You publish it, you hurt people I care about. "

"That's not my problem." My voice came out steadier than I felt. "I'm a journalist. I report what I see."

"You're a journalist I've given a very good story in the past." Luca was close enough now that I could smell his cologne—something expensive and dark that made me think of smoke and leather. "You've built your reputation on information I gave you. Information that wasn't free."

"You said—"

"I said I wanted the Bianchis exposed. You did that beautifully. Thank you." His smile was sharp, nothing warm about it. "Now I want something in return. Delete the footage. Forget about the raid. Move on to other stories."

"And if I don't?" I tried to sound defiant. Tried to channel every principle I'd learned in journalism school about speaking truth to power.

Luca leaned in, one hand braced on the counter beside my hip, caging me in.

"Then I make some calls. Spread some rumors.

Suggest to the right people that maybe Valentino Russo isn't as ethical as everyone thinks.

Maybe he fabricates sources. Maybe he pays for quotes.

Maybe he sleeps with subjects to get information. "

The words hit like a physical blow. "That's all lies."

"Doesn't matter. Doubt is enough. Once people start questioning your integrity, your career is over." His dark eyes held mine. "I can destroy your reputation with three phone calls. Make sure you never publish anything that matters again. Or..."
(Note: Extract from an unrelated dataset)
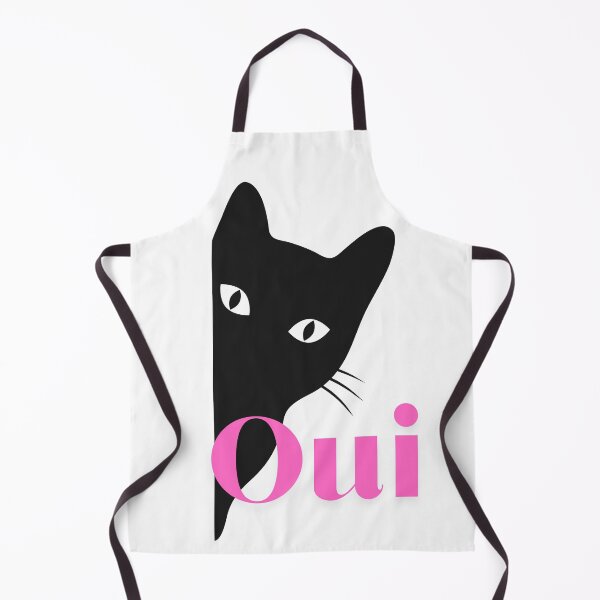 Item preview, Oui - Word in Print and the Black Cat Print in the Design for cat lovers designed and sold by MomonoShop.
"Or?" I hated how breathless I sounded.

"Or you work with me. I'll keep feeding you stories—real stories, legitimate exposés worth publishing. You'll win more awards than you dreamed of. Build a career that actually means something. All you have to do is kill the stories I tell you to kill. Starting with the raid footage."

My hands gripped the counter edge behind me hard enough to hurt. "You're blackmailing me."

"I'm offering you a deal. A partnership.

" He reached up and tucked a strand of my curly hair behind my ear, the gesture almost tender except for the threat behind it.

"You get exclusive access to the kind of sources that make Pulitzer nominations.

I get a journalist I can trust to be... selective about what he publishes. "

"That's not journalism. That's propaganda."

"Call it whatever helps you sleep at night." His hand dropped away. "You've got twenty-four hours to decide. Delete the footage and we have a deal. Publish it and I bury you."

He'd walked toward the door. Paused with his hand on the knob.

"For what it's worth, I hope you make the smart choice. I'd hate to destroy someone with your talent." He'd looked back at me, and for just a second something almost like regret crossed his face. "But I will if I have to."

Then he was gone, leaving me shaking in my own apartment, his cologne still lingering in the air.

I'd spent that entire night staring at the raid footage. Weighing my options. Telling myself I'd refuse, I'd publish anyway, I wouldn't let him control me.

But I knew what my reputation meant. Knew how quickly doubt could spread in journalism circles. One accusation of fabricating sources and I'd be done. Nobody would hire me. No editor would publish my work. Everything I'd built would crumble.

At dawn, I'd deleted the footage.

All of it. Every frame. Emptied the trash, ran a secure delete program to make sure it was truly gone.

Then I'd called the number on Luca's business card and said: "It's done."

"Good choice." He'd sounded pleased. "I'll be in touch with your next story."

That had been nearly two months ago. Since then, I'd published three more exposés—all based on information Luca provided. A corrupt city councilman. A real estate developer cooking books. A police chief taking bribes. All legitimate stories. All true. All given to me instead of earned.

And I'd attended four meetings with Luca where he'd told me what not to publish. Rumors about the Vitale organization. Speculation about their business practices. Anything that might hurt them.

I'd killed every story he told me to kill.

And the attraction I'd felt in that coffee shop had grown into something I couldn't control. Something I resented and craved in equal measure.